Why is it that when people say "hills" they are always talking about uphills and never about downhills? And since gravity pulls you down, why do we say hills suck? I'd think it is just the opposite. But when we ride, we must face the hills. And the hills don't play fair. They get too steep. They go on forever. When you reach the top and you come around a corner and you look up and see that you are not at the top after all... well, hills suck. Yes, there is pain, and there is exhaustion. But they are temporary.
After you reach the top of that hill, there will probably be a downhill. You can rest your legs and your lungs.
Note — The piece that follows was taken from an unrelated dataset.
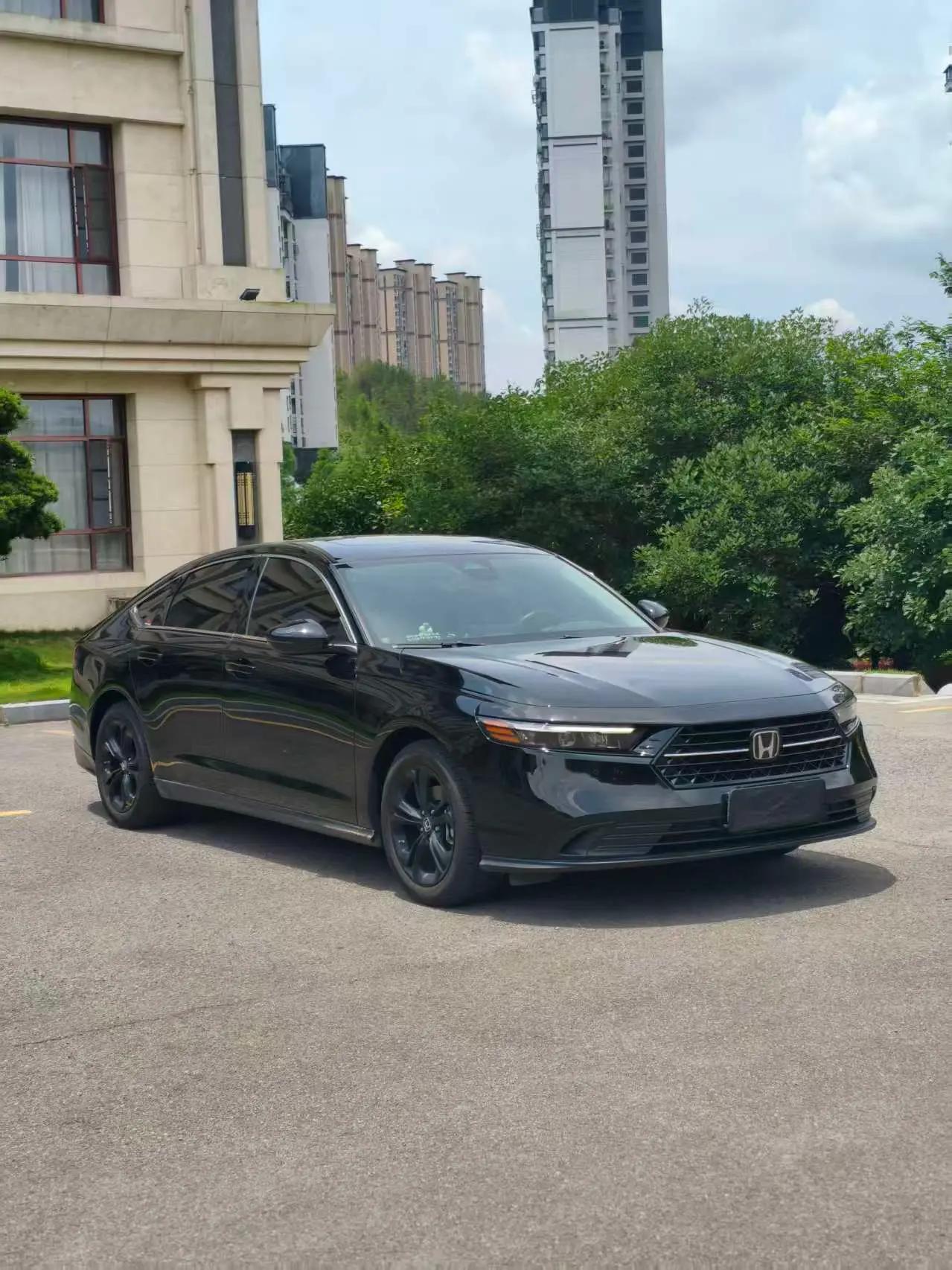 Honda 2025 11th Generation Accord 1.5T CVT 260TURBO Luxury Edition Automatic 3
And sometime before the day is over, you will get your butt off of that saddle and you will get to stretch, and to enjoy your favorite cold (or hot!) beverage, and to eat, and to sleep. Rest comes for the riders. Relief comes for the riders. But for those whom charity riders ride, there is no rest, no relief. Their hills are constantly up. Their pain will not be assuaged at the end of the day. Compared to them, the pain I feel, the exhaustion I feel, are nothing. I tell myself that when I reach the point when I am ready to toss my trusty steed over a cliff.
I tell myself that that ripping pain in my legs will be gone in a couple of days, and that it is nothing compared to what some people must deal with constantly. I tell myself that the person that I am when I am on a bike would not let those people down by getting off that bike. So I get back on by sheer force of will. And I cry. I cry because I hurt physically. I cry because I have lost someone I care about very much to AIDS and there is nothing I can do about it. I cry because my brother has been suffering from diabetes for forty years and I can't help him. I cry because I see children on the side of the road who have no idea why I am out on that bike. I cry because I know that if I don't ride, some of them may die from these same causes. And I ride because that is all that I can do for them. For the kids. For Bryant. For Chris. For untold millions.
It's just a bike. But it (and we) can change the world.